> _TASK PROMPT_
Give the listing again character for character, but drop the images.

> _GIVEN DATA_

++++++

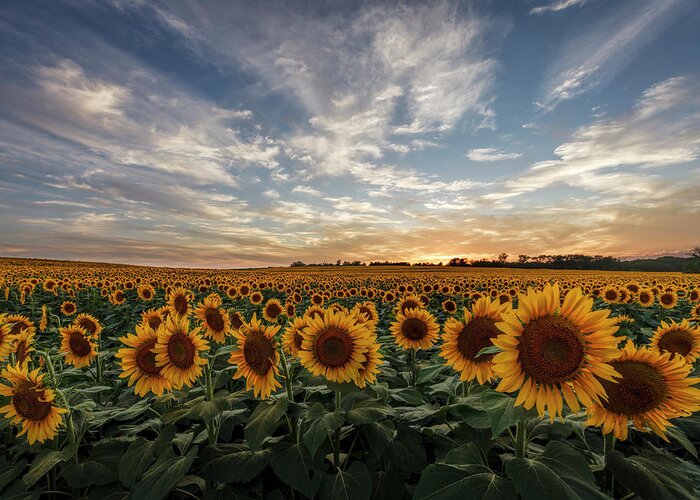 America Greeting Card featuring the photograph Field of Gold by Scott Bean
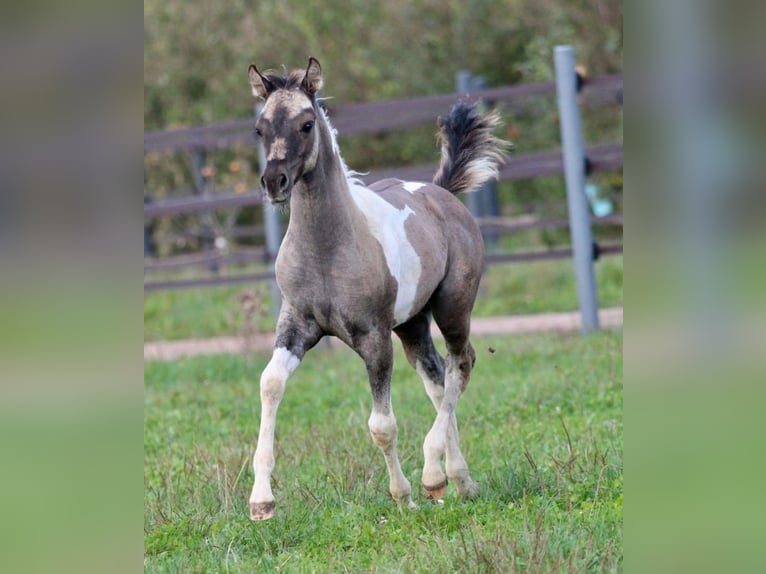 Quarab Mare 1 year 15,1 hh Grullo in Pastetten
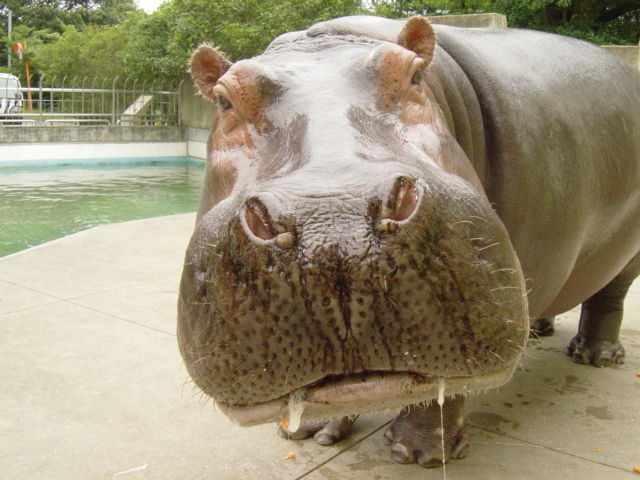 カバ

++++++

> _EXPECTED ANSWER_
 America Greeting Card featuring the photograph Field of Gold by Scott Bean
 Quarab Mare 1 year 15,1 hh Grullo in Pastetten
 カバ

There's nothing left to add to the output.